Aim of the task
The reply to the records below should contain exactly the lines from the line with "Triple-Spindle Drink Mixer, 318x229x(H)521mm" through the line with "Dell M63JN 2400W", and nothing besides.

Records
__________

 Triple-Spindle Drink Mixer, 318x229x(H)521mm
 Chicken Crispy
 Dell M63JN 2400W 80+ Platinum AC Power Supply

__________

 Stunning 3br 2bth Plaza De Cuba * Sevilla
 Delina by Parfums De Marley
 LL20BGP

__________

Completed task
 Triple-Spindle Drink Mixer, 318x229x(H)521mm
 Chicken Crispy
 Dell M63JN 2400W 80+ Platinum AC Power Supply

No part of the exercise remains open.